Mastroianni, chiamato ad un’interpretazione molto diversa da quelle in cui siamo abituati a vederlo, non è l’ardente capo-rivoluzionario de I compagni né il famoso regista di “8 e 1/2”, ma riesce comunque a esprimere la sua prodigiosa qualità di interpretare e rendere perfettamente credibili personaggi propri di personalità opposte: codardo ma coraggioso nella pellicola di Monicelli, patetico ma carismatico con Fellini, confuso e debole quanto orgoglioso e giusto con De Filippo. Raquel Welch, nonostante venga introdotta come l’avvenente femme fatale in grado solamente di usare la sua bellezza per procurarsi un uomo “che ha i soldi”, si rivelerà invece più volte influente nella vicenda come personaggio attivo, e dotata di un orgoglio che non ha paura a difendere letteralmente a graffi e morsi.
Eduardo De Filippo, infine, al di là del difficile adattamento cinematografico di un suo stesso testo teatrale, riesce comunque a mostrarci la sua stoffa di grande regista in entrambi i campi. Infatti, la scena del sogno da cui tutta la vicenda ha origine sfrutta alla perfezione tutti gli elementi magici del cinema: dalle scenografie al montaggio, dalle musiche ai dialoghi, il personaggio che vive come brutalmente veri avvenimenti palesemente irreali sfociano in una sublime “battaglia dei ventagli”, che ci fa assaporare uno di quei sogni che tutti abbiamo fatto almeno una volta e che, spesso con rammarico, difficilmente ci ricordiamo al risveglio. Ma è in una scena dal sapore squisitamente teatrale che il tema dominante di tutta la vicenda prende corpo e si manifesta con prepotenza. Nel “palcoscenico” del magazzino di Alberto, infatti, il protagonista impaurito e preoccupato di una rappresaglia feroce da parte della famiglia ingiustamente accusata, ne riceve invece i membri uno ad uno, che paradossalmente iniziano a ringraziarlo e ne cercano la complicità, tirando fuori vecchi rancori familiari e accusandosi a vicenda del delitto. I personaggi entrano ed escono dalle porte della stanza come fossero delle quinte, per poi arrivare allo scontro nel finale di sequenza nel classico teatrale del “tutti in scena”.

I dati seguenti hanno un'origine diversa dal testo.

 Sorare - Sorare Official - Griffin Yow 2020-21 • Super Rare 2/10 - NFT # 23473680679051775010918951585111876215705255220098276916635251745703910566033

Diffidenza e pregiudizio che prendono il sopravvento in una situazione di confusione sono i fili conduttori di questa storia che si innesta incredibilmente bene nel contesto sociale di oggi. Nel mondo delle fake news e delle facili condanne senza processo a causa di interessi che si muovono troppo veloci, Eduardo De Filippo ci ricorda che in situazioni di incertezza e difficoltà è sempre bene non lasciarsi trascinare, ma fermarsi e fare un esame di coscienza col quale identificare il vero nemico, così da combatterlo con decisione forza ed unità. Come ogni maestro che si rispetti però, quella di De Filippo è solo un’indicazione e non una verità assoluta: è lui stesso, infatti, nei panni di Zio Nicola, che ad un passo dal lieto fine ce lo nega facendo esplodere tutto mentre inneggia alla pace.